The original pattern I copied was called the Polar Muddler. It was created by Paul Miller for an article about fly fishing in British Columbia. This article was called," Winter Ghosts of Lower B.C." and was contained in the now defunct , Art of Angling Journal, Volume1, Issue 4. I selected this pattern to show you because it teachs several things about working with hair. This is a very difficult pattern for many tyers so don't become too frustrated if you aren't able to master this pattern right off. I think it is an excellent design and has some great looking qualities. My pattern is a bit smaller, more dense and contains different materials. The original Polar Muddler was made of polar bear, which is almost impossible to get. If I had some, I would feel bad about using the stuff and I would also perfer not to use such a rare material just to make some fishing flies. I substituted buck tail and used all of the most common basic materials so I don't think you should have a hard time finding the stuff to make this.

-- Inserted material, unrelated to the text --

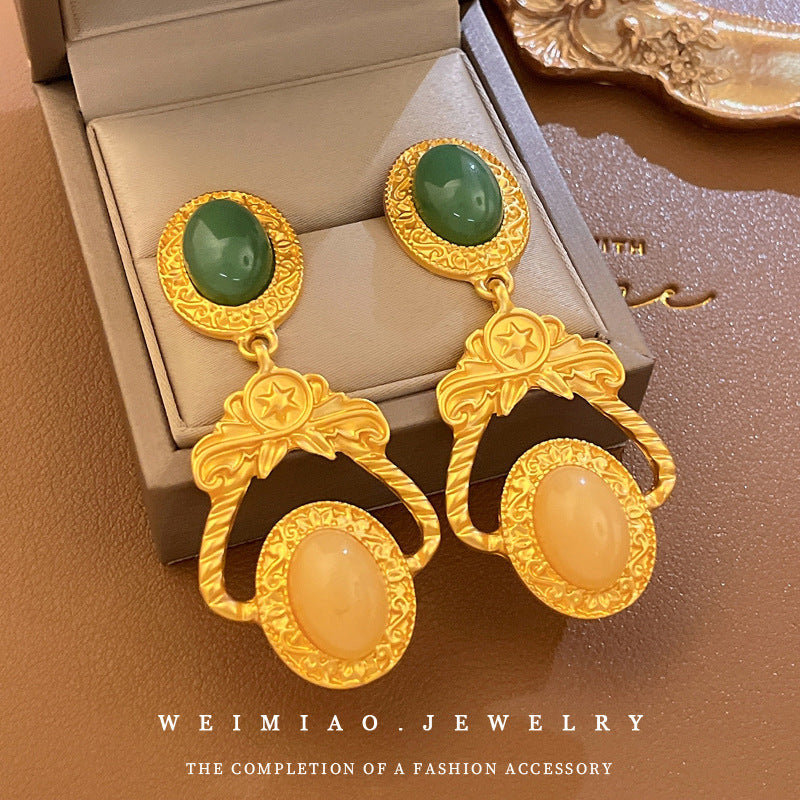 2 Pieces Mid-century Modern Round Geometric Copper Electroplating Earrings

( HINT: I SELL ALL THE STUFF TO MAKE THIS AND YOU CAN ORDER IT BY CLICKING ON ANY OF THE BUTTONS BELOW. I PUT TOGETHER A KIT FOR YOU WITH ALL THE STUFF YOU NEED TO MAKE THIS FLY. )

The Polar Conehead

Hook: Mustad 9674 or Daiichi 1750 size 4 or 6

Cone: Silver 1/4" or Large Size

Thread: 6/0 White

Tail: White Bucktail

Body: Pearl Tinsel

Underwing: Pearl Krystal Flash

Wing: White Bucktail with Grizzly Hackle tied on each side

Collar: White deer belly hair spun

( Sorry about the odd backgrounds.......my camera does a color balance and I couldn't correct this.......it should be fine as you can see each step quite well.)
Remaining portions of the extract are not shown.